By David Adam and John Aglionby

By David Adam and

John Aglionby

LONDON/JAKARTA, FEB. 10. The first images of the seabed at the focus of the massive earthquake that caused the December 26 tsunami were released yesterday by scientists working on the British Royal Navy survey ship HMS Scott.

Though it is too early for experts to be sure what generated the Indian Ocean waves, the images have given them important clues. The sonar images show a section of the ruptured fault about 43 to 50 miles long, running roughly north-south.

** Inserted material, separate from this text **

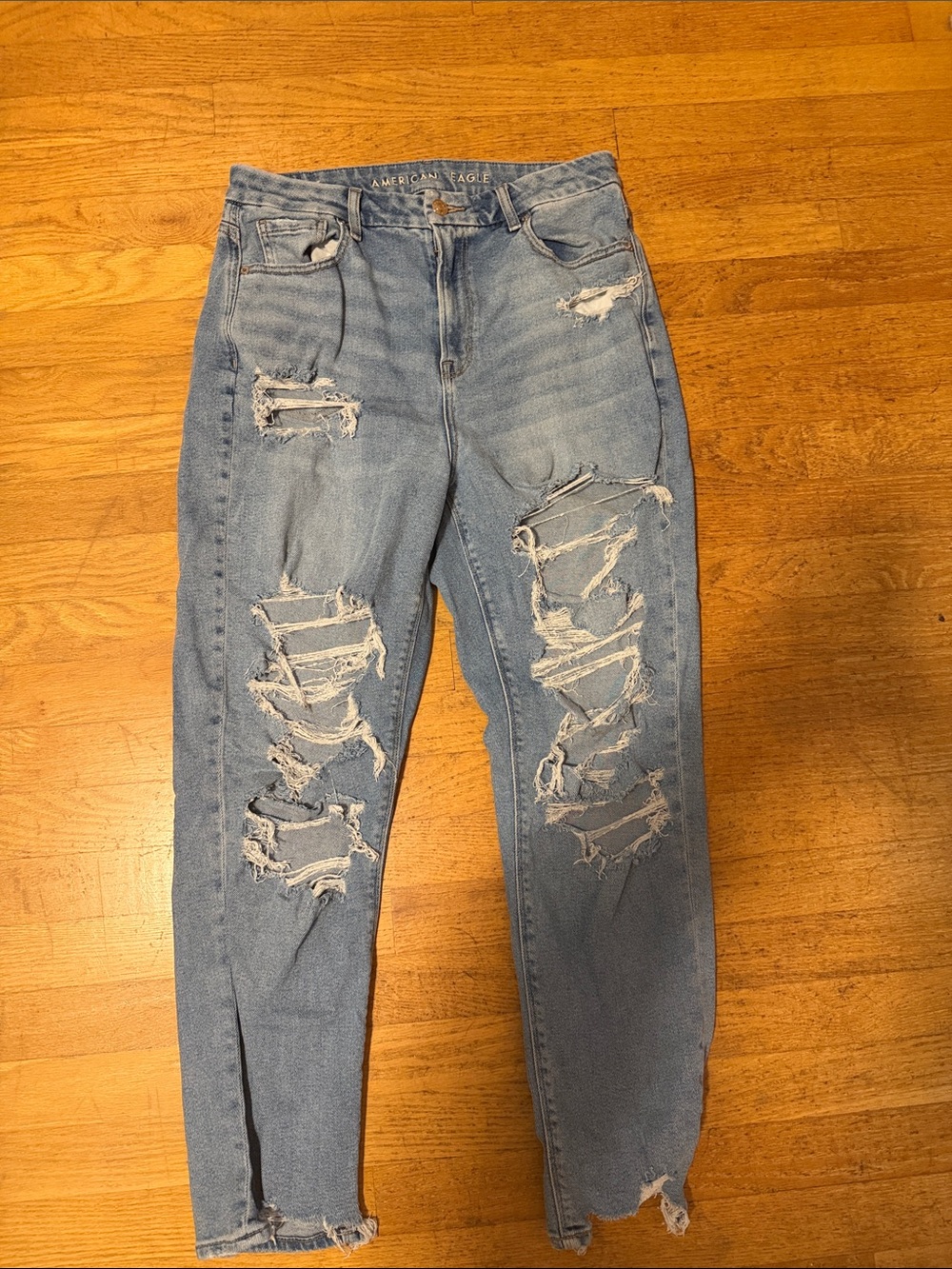 American Eagle Outfitters Light Blue Distressed High-Rise Jeans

The image shows the Indian plate which slides underneath the Myanmar plate at about 2 cm a year along the line marking the plate boundaries. Scientists think the Myanmar plate was pushed up about 10 to 20 metres when the earthquake struck, forcing the water above into the destructive waves.

Seismologists at North-western University in Illinois have upgraded the quake to magnitude 9.3, three times bigger than previously thought and the second largest ever recorded.

Little research has been done in the region and there are no maps of what the fault looked like before the earthquake, making it difficult for experts to pinpoint how it moved.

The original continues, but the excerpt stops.